Czynniki zaburzające wzrost rzepaku wiosną
01.07.2024
Początkowo chłodna i sucha wiosna w kwietniu przyniosła nieco więcej opadów, a maj przywitał nas wzrostem temperatur. Wszystko to spowodowało, że wzrost rzepaku gwałtownie przyspieszył. Jak to wpływa na kondycję roślin?
Imponujący wzrost rzepaku
Opady deszczu, jakie wystąpiły w kwietniu, ułatwiły i przyspieszyły asymilację składników odżywczych na czele z azotem.
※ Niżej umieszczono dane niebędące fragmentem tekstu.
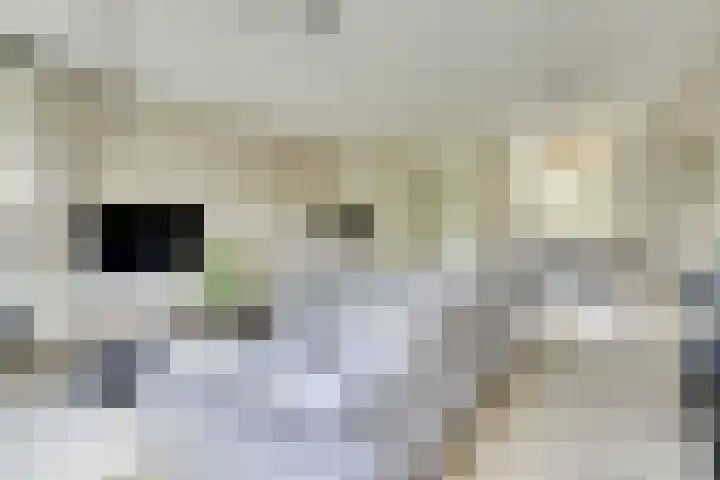 Klokjesbloemlaan 11 Vleuten thumbnail 14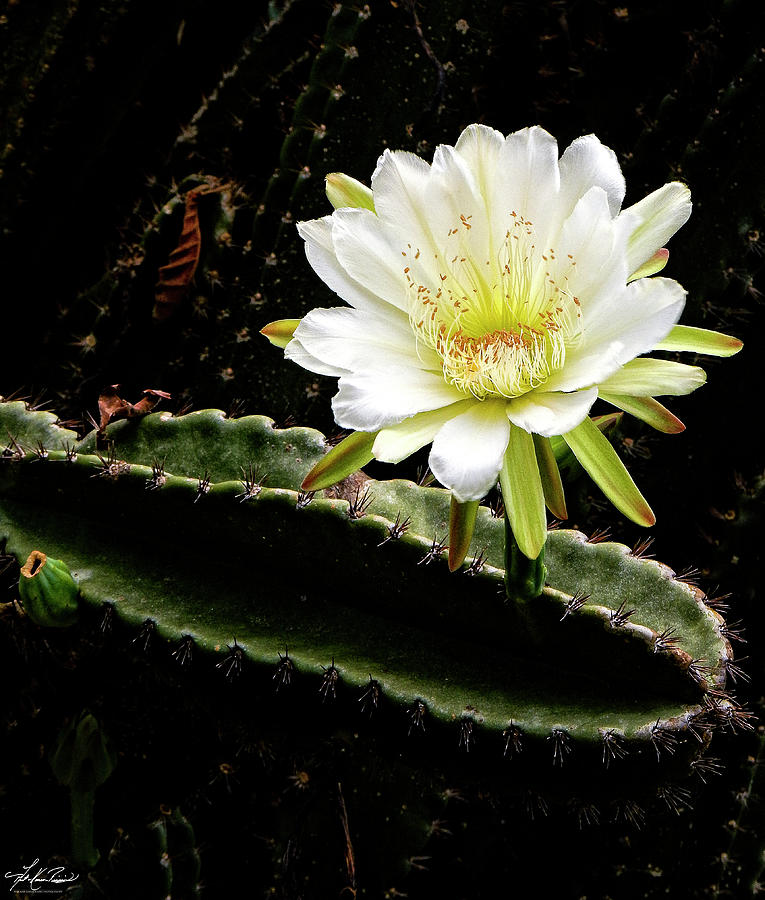 Flowers Still Life Photograph - Cactus Flower by Phil And Karen Rispin
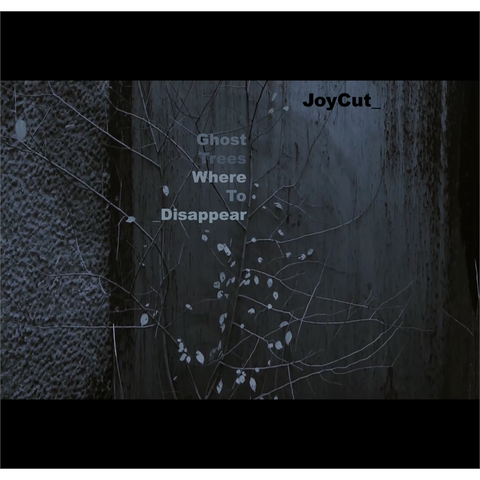 JOYCUT - GHOST TREES WHERE TO DISAPPEAR (LP - CLRD | LTD - RSD'21)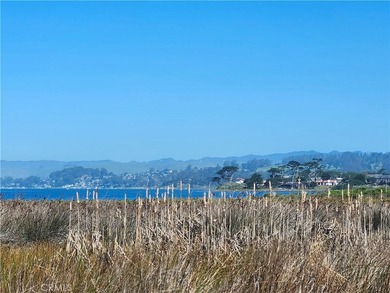 Enjoy Unobstructed views of the Back Bay, Morro Rock, Golf on Sea Pines Golf Resort in California - for sale on GolfHomes.com, golf home, golf lot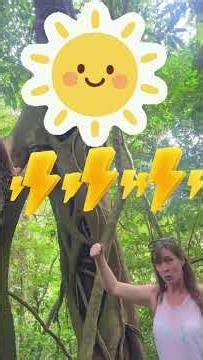 Parasitic Plants—symbiotic relationships between strangler fig and trees —killer trees!!!!!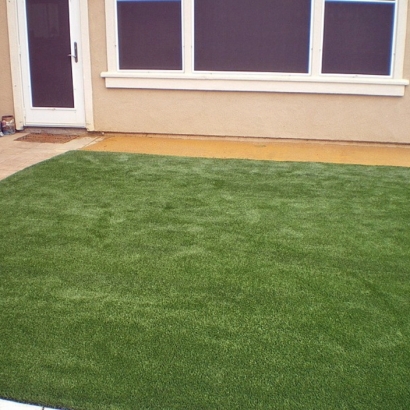 Synthetic Grass Takoma Park Maryland Landscape Front Yard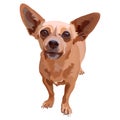Chihuahua. Vector illustration of small dog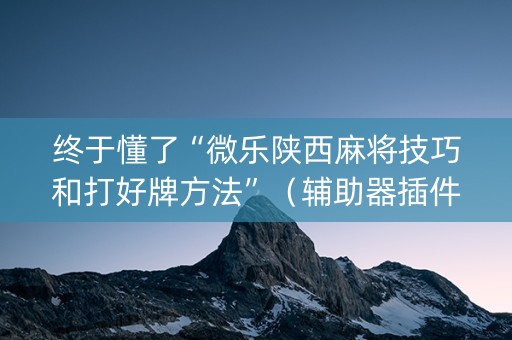 终于懂了“微乐陕西麻将技巧和打好牌方法”（辅助器插件)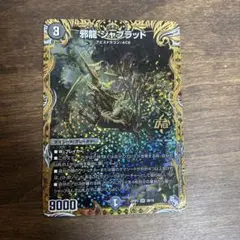 邪龍ジャブラッドシークレット　b
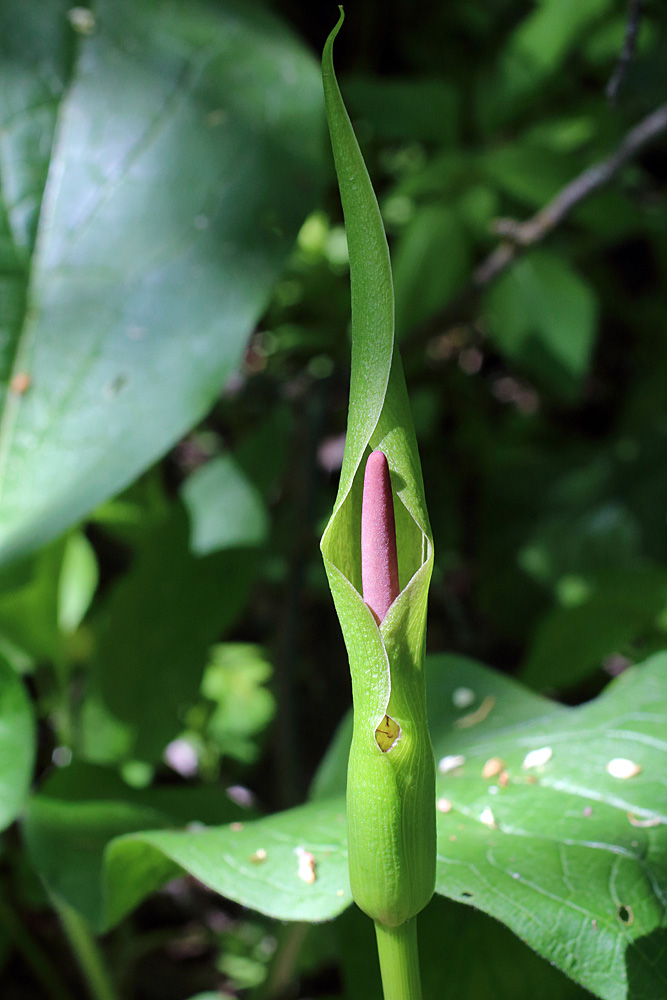 Изображение особи Arum korolkowii.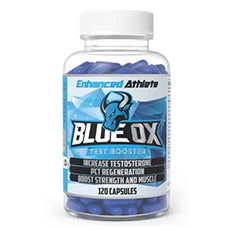 blue-ox.jpg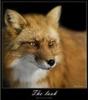 ������ ��� SOUTHFOX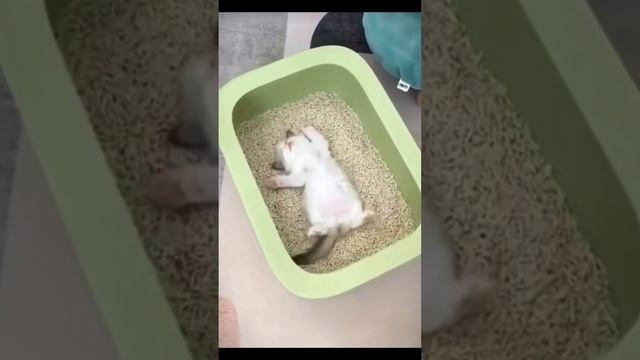 МИМИШНОСТЬ ЗАШКАЛИВАЕТ???????????❤️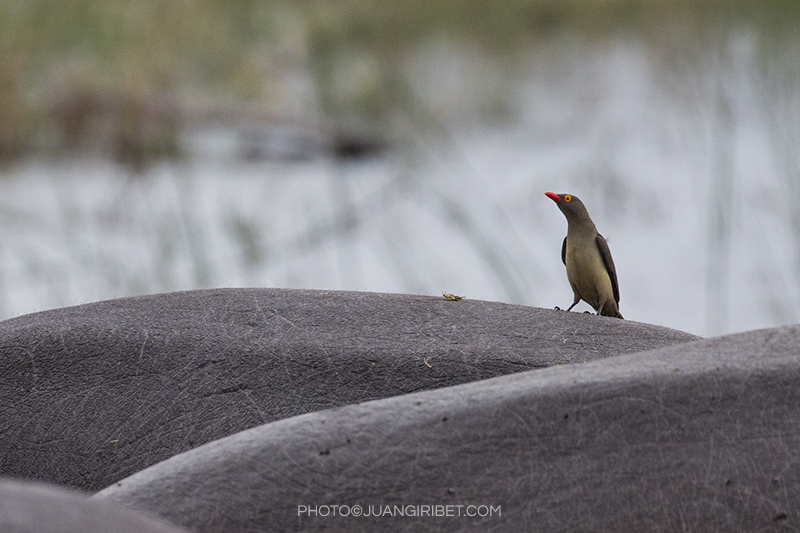 hippo oxpecker_1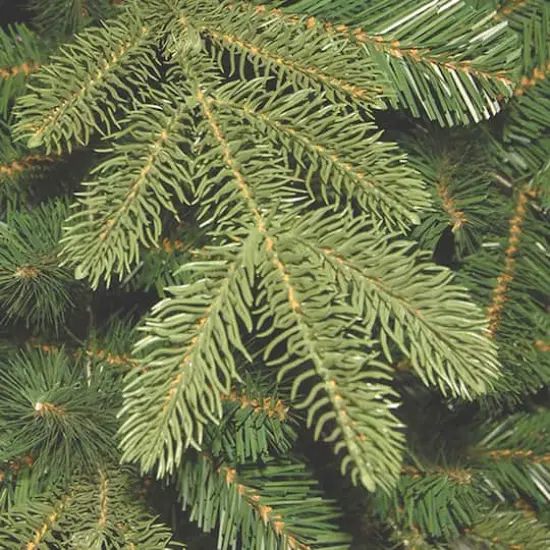 7.5ft. Unlit Feel Real&reg; Hinged Norwegian Spruce Slim Artificial Christmas Tree {3}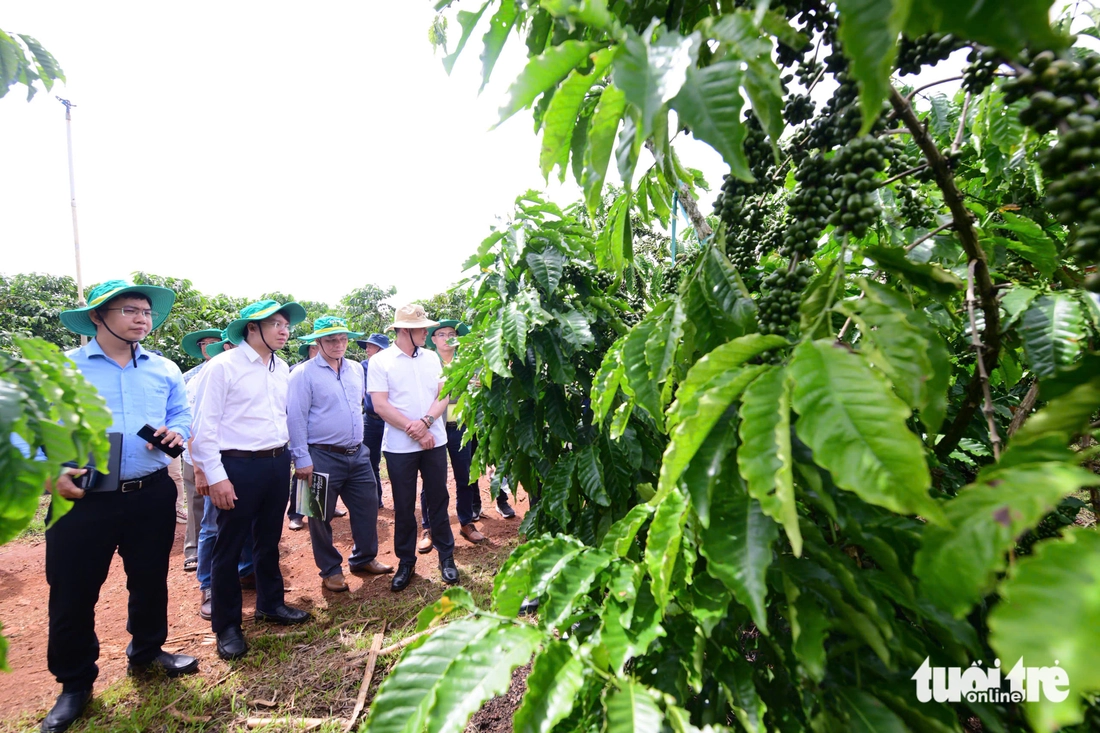 Nâng chất cà phê Robusta Việt từ những vườn trồng chất lượng cao - Ảnh 1.
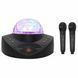 Бездротова Караоке Система Для Дому SDRD Портативна Блютуз Колонка на Два Мікрофони з LED Диско Шаром SD308 Караоке Система SD308 фото 2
W połączeniu ze stopniowym wzrostem temperatur, ze szczególnym uwzględnieniem braku nocnych przymrozków, umożliwiło to przyspieszenie rozwoju roślin. Pomimo dużych wahań temperatury w ciągu doby rzepaki przyrastały nawet 10 cm dziennie. O ile wszyscy rolnicy słusznie cieszą się z rozwoju swoich roślin uprawnych, to koniecznie trzeba zwrócić uwagę na zagrożenia, jakie taka dynamika wzrostu niesie ze sobą.
Czynniki stresowe
Tak intensywny wzrost rzepaku ma także swoje niebezpieczne oblicze. Może bowiem podobnie jak przymrozki, powodować pękanie łodyg. Mechanicznie uszkodzone rośliny są łatwym celem dla patogenów chorobotwórczych i szkodników. Dlatego konieczny jest stały i dokładny monitoring kondycji roślin. W przypadku wystąpienia pęknięć niezbędna będzie szybka i adekwatna reakcja. Jako że skaleczone łodygi stanowią otwarte drzwi głównie dla chorób grzybowych, powinniśmy bacznie obserwować plantację pod kątem objawów infekcji. Jednak nie musimy czekać z założonymi rękami. Możemy przyspieszyć regenerację uszkodzonych roślin.
Kaishi – pierwsza pomoc po stresie
Jednym z podstawowych zastosowań stymulatora rozwoju roślin Kaishi jest właśnie wsparcie odbudowy tkanek uszkodzonych w takich okolicznościach. Zawarte w preparacie biologicznie czynne L-aminokwasy pochodzenia roślinnego są niezbędne do budowy białek. Stymulują wzrost rzepaku, ograniczając jednocześnie negatywne skutki stresu. Pozwala to chronić jego potencjał plonotwórczy, poprzez przyspieszenie odbudowy uszkodzeń, co przekłada się na mniejsze ryzyko infekcji.
W uprawie rzepaku ozimego Kaishi stosuje się w dawce 1,5–2,0 l/ha w trzech terminach: po wiosennym ruszeniu wegetacji, w fazie pąkowania do początku kwitnienia oraz w fazie pełni kwitnienia do początku zawiązywania łuszczyn.